简体   繁体   中英

Convert tree to list of lists

I have a tree structure, something like: Company -> Department -> Roles ->

I have a triple for loop-structure like this:

for company in self.Companies():
    cName = company.Name()
    for dept in company.Departments():
        dName = department.Name()
        for role in dept.Roles():
            rName = role.Name()
            roleID = role.ID()

The .Name() function returns a dept name like Android-Sales. Companies can zero or more departments.

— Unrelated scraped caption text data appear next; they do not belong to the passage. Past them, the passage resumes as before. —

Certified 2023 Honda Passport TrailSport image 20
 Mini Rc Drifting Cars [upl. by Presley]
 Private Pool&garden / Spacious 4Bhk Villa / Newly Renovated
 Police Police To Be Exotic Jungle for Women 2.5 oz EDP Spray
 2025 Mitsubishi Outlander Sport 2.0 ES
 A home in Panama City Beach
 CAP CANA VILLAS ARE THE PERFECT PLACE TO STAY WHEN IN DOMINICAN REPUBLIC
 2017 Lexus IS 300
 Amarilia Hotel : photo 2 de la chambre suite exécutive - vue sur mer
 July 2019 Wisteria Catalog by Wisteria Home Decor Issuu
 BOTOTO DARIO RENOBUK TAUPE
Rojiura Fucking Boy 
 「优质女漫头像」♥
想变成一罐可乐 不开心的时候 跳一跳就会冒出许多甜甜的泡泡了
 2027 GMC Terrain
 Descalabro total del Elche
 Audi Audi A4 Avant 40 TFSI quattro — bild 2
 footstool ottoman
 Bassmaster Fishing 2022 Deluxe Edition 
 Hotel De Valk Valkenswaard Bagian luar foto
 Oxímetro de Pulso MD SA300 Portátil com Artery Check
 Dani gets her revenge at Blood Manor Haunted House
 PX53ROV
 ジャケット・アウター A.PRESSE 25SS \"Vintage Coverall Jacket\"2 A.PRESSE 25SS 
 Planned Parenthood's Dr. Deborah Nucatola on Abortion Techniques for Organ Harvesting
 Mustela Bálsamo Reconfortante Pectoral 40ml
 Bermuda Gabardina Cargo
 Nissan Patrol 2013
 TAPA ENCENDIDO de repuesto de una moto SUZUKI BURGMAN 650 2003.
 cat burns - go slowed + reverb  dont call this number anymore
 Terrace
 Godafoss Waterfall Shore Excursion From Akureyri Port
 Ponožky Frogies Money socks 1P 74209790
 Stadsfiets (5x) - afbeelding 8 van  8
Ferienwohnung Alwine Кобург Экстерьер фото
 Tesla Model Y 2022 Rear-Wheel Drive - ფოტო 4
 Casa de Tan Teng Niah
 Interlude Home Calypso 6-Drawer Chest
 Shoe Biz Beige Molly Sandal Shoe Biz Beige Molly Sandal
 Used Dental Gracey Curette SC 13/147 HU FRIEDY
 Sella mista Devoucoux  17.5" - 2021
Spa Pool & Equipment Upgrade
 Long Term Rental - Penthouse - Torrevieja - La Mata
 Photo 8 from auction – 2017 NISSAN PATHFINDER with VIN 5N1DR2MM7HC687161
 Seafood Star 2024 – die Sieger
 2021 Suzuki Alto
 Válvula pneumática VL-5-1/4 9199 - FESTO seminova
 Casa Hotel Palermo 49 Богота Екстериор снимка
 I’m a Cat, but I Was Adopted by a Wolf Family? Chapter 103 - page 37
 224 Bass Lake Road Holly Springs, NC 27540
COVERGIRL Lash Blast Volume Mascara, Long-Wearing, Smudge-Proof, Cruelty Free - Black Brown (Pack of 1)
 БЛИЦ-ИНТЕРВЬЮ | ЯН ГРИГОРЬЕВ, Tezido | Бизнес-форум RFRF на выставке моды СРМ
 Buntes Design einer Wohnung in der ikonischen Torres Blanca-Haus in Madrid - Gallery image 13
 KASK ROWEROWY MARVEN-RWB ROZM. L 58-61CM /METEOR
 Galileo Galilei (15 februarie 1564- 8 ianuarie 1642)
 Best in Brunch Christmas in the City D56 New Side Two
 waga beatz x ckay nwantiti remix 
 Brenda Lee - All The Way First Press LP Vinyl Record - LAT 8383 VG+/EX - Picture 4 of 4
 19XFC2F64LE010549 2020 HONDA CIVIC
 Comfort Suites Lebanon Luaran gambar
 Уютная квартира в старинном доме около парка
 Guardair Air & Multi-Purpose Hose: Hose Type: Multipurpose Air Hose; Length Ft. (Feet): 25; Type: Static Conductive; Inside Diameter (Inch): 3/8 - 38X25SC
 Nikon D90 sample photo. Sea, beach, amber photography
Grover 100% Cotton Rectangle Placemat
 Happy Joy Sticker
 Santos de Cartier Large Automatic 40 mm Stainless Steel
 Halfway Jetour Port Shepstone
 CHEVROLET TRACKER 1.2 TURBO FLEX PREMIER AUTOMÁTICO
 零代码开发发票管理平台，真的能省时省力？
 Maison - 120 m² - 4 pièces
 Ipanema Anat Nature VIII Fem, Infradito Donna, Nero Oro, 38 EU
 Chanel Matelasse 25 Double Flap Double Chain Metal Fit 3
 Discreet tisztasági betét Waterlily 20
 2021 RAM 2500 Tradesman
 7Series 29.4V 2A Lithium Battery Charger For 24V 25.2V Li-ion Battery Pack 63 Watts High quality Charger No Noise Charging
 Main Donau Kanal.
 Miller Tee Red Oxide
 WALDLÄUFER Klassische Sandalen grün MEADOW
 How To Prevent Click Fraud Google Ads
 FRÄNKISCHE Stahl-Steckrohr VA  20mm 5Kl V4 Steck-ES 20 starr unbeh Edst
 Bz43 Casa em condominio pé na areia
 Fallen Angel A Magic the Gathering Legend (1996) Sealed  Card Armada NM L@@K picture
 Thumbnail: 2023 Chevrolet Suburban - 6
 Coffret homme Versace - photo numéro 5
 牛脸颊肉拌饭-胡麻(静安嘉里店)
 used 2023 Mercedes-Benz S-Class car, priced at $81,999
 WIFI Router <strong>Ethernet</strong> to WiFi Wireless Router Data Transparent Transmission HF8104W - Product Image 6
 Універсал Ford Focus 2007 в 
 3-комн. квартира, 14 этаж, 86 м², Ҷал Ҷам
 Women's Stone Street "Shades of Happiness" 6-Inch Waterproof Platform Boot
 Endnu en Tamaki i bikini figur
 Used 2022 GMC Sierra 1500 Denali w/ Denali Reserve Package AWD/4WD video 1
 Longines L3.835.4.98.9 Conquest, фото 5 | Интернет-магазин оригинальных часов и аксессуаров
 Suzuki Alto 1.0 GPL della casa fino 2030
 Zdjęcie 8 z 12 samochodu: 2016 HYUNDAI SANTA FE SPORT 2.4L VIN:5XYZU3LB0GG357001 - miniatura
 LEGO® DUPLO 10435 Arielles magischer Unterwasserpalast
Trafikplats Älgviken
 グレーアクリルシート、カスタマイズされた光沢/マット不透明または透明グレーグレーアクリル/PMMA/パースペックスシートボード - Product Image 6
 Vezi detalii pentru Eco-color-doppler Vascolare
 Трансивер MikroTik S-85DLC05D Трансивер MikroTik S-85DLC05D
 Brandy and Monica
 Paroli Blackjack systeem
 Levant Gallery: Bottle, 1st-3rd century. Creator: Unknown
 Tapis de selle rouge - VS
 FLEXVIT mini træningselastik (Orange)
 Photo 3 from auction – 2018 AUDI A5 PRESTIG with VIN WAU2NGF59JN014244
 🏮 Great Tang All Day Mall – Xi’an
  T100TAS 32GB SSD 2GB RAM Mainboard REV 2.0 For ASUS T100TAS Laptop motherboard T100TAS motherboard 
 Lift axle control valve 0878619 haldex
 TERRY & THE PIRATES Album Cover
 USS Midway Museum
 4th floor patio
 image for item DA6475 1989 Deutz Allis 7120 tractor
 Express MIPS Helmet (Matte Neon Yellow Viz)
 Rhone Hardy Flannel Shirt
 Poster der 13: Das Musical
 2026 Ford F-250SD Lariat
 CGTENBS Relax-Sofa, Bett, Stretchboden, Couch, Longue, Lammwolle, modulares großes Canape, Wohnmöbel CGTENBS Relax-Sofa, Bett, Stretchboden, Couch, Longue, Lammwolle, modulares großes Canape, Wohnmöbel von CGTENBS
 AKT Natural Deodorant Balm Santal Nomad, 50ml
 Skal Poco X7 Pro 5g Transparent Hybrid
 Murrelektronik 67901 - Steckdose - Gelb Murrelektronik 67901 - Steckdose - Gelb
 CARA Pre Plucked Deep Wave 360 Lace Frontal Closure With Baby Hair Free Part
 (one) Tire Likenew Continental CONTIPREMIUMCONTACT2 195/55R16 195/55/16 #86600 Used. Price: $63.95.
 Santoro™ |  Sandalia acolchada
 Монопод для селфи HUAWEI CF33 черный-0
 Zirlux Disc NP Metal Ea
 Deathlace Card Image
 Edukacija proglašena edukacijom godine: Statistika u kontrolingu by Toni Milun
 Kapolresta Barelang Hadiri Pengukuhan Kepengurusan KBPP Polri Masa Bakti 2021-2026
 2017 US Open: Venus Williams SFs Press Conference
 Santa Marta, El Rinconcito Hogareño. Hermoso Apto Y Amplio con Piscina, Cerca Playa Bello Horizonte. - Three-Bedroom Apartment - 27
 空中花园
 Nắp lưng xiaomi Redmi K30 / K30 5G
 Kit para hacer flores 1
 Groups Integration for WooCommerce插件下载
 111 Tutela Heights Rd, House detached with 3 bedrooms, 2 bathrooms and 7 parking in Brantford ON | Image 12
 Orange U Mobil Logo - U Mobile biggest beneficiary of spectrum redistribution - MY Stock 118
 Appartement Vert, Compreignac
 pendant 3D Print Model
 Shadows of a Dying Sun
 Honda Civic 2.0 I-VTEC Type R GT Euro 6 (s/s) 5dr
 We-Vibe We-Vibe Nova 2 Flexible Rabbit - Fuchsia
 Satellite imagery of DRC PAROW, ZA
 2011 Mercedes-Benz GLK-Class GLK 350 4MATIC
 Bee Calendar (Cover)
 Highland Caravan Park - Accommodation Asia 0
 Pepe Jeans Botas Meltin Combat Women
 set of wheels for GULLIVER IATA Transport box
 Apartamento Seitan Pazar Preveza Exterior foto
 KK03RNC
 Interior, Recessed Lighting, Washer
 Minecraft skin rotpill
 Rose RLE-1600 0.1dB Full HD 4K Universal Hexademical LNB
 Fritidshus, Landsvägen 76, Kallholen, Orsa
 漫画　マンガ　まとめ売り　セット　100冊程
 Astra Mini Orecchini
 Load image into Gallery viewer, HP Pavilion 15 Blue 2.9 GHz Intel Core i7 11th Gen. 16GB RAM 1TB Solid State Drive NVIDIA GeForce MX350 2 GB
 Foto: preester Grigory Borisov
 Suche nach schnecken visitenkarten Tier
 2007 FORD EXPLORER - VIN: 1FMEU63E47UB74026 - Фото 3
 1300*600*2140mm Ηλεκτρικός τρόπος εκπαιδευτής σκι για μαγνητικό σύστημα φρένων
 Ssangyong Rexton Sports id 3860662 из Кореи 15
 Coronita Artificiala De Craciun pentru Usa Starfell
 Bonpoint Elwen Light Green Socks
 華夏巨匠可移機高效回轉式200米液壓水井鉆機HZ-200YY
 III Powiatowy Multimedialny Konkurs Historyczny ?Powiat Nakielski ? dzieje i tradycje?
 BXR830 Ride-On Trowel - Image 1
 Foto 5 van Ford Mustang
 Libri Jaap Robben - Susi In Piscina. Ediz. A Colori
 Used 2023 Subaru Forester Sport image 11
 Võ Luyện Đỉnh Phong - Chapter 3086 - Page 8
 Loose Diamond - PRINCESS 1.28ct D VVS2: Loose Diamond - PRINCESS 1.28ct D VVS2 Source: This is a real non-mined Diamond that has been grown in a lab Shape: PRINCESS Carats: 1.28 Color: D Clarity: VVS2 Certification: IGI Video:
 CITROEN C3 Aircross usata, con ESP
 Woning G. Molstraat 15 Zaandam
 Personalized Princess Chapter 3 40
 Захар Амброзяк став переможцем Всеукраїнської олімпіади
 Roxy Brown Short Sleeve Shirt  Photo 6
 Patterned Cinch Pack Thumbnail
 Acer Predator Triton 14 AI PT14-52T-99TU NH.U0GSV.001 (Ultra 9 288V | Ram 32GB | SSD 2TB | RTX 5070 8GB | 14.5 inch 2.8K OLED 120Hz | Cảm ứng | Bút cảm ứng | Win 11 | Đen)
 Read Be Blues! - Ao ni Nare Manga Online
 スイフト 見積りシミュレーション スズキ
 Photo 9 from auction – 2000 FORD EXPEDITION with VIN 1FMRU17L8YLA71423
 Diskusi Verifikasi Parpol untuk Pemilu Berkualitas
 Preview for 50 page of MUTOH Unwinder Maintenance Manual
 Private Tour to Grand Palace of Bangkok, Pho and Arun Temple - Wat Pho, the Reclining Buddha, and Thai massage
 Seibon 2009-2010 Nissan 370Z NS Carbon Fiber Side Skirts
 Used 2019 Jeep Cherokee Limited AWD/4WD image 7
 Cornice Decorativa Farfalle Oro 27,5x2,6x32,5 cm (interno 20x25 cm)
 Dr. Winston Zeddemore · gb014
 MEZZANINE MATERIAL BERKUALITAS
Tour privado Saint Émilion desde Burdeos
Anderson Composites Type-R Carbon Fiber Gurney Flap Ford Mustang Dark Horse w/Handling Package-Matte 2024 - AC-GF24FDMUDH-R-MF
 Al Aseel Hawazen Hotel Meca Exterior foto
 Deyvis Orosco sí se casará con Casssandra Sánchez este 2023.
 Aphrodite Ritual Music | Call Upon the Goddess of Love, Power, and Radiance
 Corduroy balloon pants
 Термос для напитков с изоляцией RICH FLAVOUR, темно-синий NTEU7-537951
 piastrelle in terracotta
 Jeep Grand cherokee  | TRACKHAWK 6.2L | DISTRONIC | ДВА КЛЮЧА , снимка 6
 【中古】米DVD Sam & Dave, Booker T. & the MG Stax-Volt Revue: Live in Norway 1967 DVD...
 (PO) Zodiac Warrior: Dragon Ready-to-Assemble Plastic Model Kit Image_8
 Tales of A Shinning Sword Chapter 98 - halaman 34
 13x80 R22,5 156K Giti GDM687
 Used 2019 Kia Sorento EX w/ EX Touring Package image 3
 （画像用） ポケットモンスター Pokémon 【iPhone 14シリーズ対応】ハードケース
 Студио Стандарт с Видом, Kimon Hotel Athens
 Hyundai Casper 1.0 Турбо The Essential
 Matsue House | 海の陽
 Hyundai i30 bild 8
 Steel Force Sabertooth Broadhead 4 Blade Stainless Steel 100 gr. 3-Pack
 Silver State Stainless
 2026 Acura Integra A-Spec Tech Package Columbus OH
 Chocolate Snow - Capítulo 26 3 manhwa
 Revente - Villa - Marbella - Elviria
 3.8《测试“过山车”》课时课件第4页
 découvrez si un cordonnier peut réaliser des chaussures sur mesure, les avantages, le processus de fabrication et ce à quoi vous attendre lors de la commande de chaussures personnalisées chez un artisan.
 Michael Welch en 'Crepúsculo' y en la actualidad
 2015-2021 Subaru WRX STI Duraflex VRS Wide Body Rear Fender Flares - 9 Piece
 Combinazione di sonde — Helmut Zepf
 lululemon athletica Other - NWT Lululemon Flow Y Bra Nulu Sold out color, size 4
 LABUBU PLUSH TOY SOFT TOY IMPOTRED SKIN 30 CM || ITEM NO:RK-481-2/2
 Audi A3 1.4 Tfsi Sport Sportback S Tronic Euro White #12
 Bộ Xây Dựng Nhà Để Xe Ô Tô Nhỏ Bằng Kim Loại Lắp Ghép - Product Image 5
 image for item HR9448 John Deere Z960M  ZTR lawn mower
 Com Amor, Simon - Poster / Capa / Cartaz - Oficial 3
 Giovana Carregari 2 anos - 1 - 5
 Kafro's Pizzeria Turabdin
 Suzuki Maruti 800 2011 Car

So far the above is all I have. I am trying to develop this so I can get a list of lists: Ideally this is what I would like. If something repeats, the next item in list should leave it blank. Or it might not have a field, in that case leave it blank too.

[
['Google', 'Android-Sales', 'Marketer', 'A123'],
['','Google-Play','Developer', 'A435'],
['','','Tester','A125'],
['','','','A126'],
['My Small Company','','Super Role','A123'] ]

Or this would work too...

[
['Google', 'Android-Sales', 'Marketer', 'A123'],
['Google','Google-Play','Developer', 'A435'],
['Google','Google-Play','Tester','A125'],
['Google','Google-Play','Tester','A126'],
['My Small Company','','Super Role','A123'] (Here "My Small Company" has no > departments. ]

Each inner list should be of length 4.

Try something like this:

tree = {"Google":{"Android":"yes", "Nexus":"no"}}
list_of_lists = []

def listbuilder(sub_tree, current_list):
    for key in sub_tree:
        if isinstance(sub_tree[key], dict):
            listbuilder(sub_tree[key], current_list + [key])
        else:
            list_of_lists.append(current_list + [key] + [sub_tree[key]])

listbuilder(tree,[])

print str(list_of_lists)

Output:

[['Google', 'Nexus', 'no'], ['Google', 'Android', 'yes']]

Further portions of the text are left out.